Directly after the incorporation of the town, in November, 1780, the question of providing for public religious worship was earnestly discussed, and in December of that year an appropriation of £6 was made "to promote preaching in this town." It is probable that preaching was procured without delay, and that services were held on occasional Sabbaths in dwellings, and such places as were available. In 1783 the town directed a committee to make a contract with Rev. John Ballentine to preach twenty Sabbaths at $2 each Sabbath. Who Mr. Ballentine was, or where he resided, cannot now be told, since the records dealing with his ministerial engagement in Montgomery recite no more touching him than is above given. Rev. John Ballentine, who was the pastor of the First Congregational Church of Westfield from 1741 to 1776, died in the latter year, but it may have been one of his sons who preached for the people of Montgomery. Mr. Ballentine probably preached occasionally previous to the time of making the contract alluded to, and as there is no evidence to the contrary, it is safe to assume that he preached through the twenty stipulated Sabbaths.
From this date (1783) the ecclesiastical history of the town is a blank (as far as the town records deal with the subject) until January, 1788, when the town for the first time discussed the advisability of erecting a house of worship. Up to that period, the people seem to have been content to worship here and there, as they could secure a place.
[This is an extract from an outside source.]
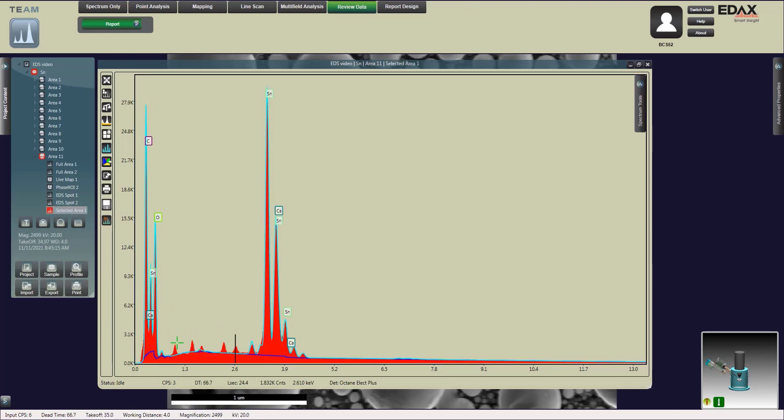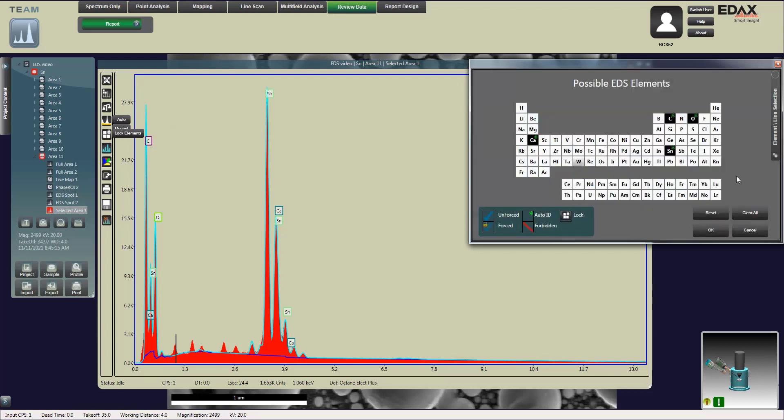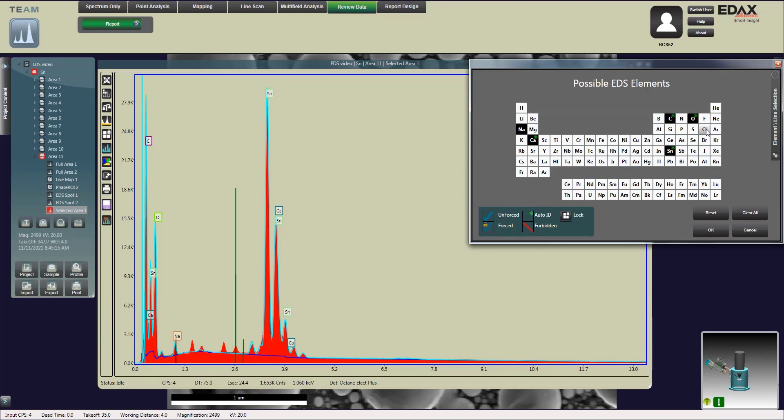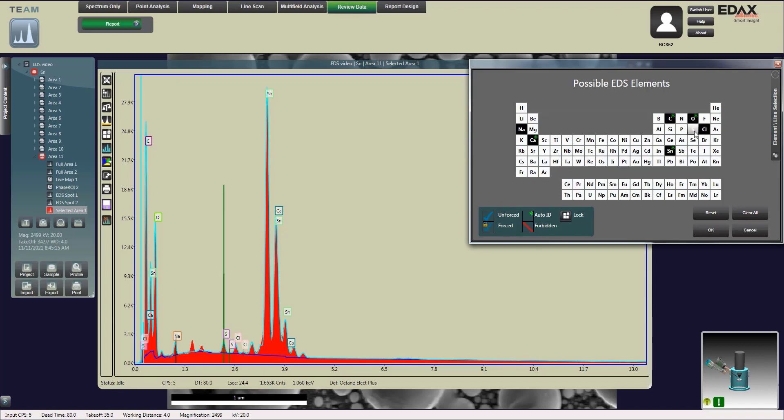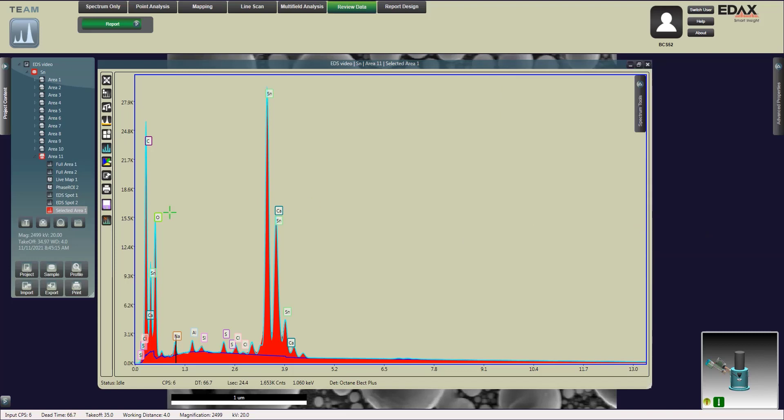Once we selected all of our elements we're going to save, lock the elements in place and move on to the third area. This has a lot of the similar elements as the second spot. The other option is to actually pull up the periodic table and hover over any of the elements and it'll show you where the peak line should be. This time instead of clicking on the peaks, we're just going to click on the elements on the table and try to fit the data that way. Once again we'll save.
It was, as related, resolved to build a meeting-house "as near the centre of the town as possible," and the committee appointed to fix the location reported that they had chosen a spot "on the hill near Trueman Mallory's." Over this report, however, arose a strong discussion and violent opposition. Some wanted the church located in one place, others wanted it located somewhere else, and the result was that half a dozen different factions were clamoring to have the church built upon half a dozen different spots. As time passed the conflicting elements grew more inharmonious, and nothing could be done about building the church, because no agreement could be reached touching the place where it should stand. Thus for nine years, or until 1797, the fruitless controversy was carried on, when, the dispute wearing itself out, a church was built in the centre of the town, near where the church of the Second Adventists now stands.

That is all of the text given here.